Applied Underwriters and its Centauri subsidiaries have affirmed a commitment to underwriting in the Gulf Coast markets, despite recent developments in the sector.
The firm said its Centauri Specialty Insurance and Centauri National Insurance offshoots were still writing new business after ending 2021 with good results, entering 2022 with its ‘A’ rating affirmed by Demotech, the national rating agency, and having its reinsurance treaties completed early enough to avoid capacity problems.
Steve Menzies, chairman of Applied Underwriters, said in a statement: “We are standing solid in the market for our many brokers and their insureds with no compromises in our financial integrity or product quality, as brokers and consumers anxiously seek coverage—often on tight deadlines for renewals and new policies. The demand created by other insurers’ insolvencies and lack of adequate reinsurance financial backing is high, and our staff is meeting it efficiently, with an overall firm delivery commitment that will help sustain the market in the various states around the Gulf and serve our brokers and customers.”
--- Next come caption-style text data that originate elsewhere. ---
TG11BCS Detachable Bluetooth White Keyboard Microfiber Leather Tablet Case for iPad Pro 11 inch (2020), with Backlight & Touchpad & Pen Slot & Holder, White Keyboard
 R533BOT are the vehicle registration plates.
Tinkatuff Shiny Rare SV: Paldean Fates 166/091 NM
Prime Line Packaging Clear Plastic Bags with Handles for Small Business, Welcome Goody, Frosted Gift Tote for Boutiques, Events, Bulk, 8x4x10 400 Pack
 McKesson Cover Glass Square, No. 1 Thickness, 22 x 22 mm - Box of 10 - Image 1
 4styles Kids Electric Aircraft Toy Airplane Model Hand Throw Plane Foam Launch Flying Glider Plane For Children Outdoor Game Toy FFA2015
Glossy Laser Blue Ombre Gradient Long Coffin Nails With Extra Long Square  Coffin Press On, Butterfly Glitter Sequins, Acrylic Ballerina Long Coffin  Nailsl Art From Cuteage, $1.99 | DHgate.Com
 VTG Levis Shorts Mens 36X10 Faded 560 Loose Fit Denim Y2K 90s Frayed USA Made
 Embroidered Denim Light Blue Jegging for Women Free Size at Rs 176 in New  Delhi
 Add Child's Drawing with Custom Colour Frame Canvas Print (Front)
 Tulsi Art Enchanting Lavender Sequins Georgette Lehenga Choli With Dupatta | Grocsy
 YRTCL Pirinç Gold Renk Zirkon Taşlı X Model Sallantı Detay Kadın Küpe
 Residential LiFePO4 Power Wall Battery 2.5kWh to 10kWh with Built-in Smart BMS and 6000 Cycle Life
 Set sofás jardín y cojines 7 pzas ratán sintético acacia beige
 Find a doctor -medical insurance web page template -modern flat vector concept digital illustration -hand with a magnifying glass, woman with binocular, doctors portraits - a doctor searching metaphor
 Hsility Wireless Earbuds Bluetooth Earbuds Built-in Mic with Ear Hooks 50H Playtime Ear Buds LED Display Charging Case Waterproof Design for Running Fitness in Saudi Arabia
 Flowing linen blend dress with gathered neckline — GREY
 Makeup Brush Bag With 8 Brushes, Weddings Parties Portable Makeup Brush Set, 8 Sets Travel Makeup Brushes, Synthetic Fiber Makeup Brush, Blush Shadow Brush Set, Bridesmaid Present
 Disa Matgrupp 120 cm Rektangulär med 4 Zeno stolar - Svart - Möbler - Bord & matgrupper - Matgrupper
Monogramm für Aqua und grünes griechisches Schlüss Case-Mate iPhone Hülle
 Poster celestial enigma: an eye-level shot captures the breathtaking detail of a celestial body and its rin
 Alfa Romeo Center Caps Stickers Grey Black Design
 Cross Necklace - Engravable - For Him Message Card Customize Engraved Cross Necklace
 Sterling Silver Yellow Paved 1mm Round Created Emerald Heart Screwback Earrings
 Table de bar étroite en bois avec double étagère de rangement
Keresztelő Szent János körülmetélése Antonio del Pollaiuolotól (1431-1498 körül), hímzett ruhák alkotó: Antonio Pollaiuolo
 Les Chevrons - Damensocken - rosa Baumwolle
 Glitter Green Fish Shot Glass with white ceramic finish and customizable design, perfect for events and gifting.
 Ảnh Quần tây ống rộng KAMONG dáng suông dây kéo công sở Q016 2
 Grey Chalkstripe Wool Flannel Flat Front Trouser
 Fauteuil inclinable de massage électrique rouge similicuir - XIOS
He added: “Since acquiring Centauri, we have increased its infrastructural facilities, collaborating with Applied’s national operations platforms that are among the most sophisticated in the world. Applied’s approach in every one of our insurance operations across the globe has been to create operational, informational, infrastructural and financial foundations that support our companies in every circumstance. We have set just such a construct at Centauri.”
Menzies called the conflict between some states’ legislative positions and the efforts of insurers and the departments that regulate them as a key element of the stress on the entire system.
He added: “Everyone involved in the provision of homeowners insurance works hard to keep the dikes from bursting even in the face of hurricanes and other catastrophic events, but invariably we find ourselves having to wrestle with state legislative measures that ceaselessly work to create a veritable bonanza for plaintiff’s lawyers. Legislatures are lobbied hard and wind up enabling predatory exploiters to extract billions from the system, profiting themselves but leaving the insurance market under extraordinary duress, even, to some degree, broken or, in some quarters, on the verge of collapse.”
He concluded: “Even all of the discipline and sophistication of Applied and its subsidiaries cannot perdure many more years of unjust awards and irrational, frivolous lawsuits. It is our hope that it ends soon and provides some additional strength to the market place. Our insureds in the Gulf states deserve better.”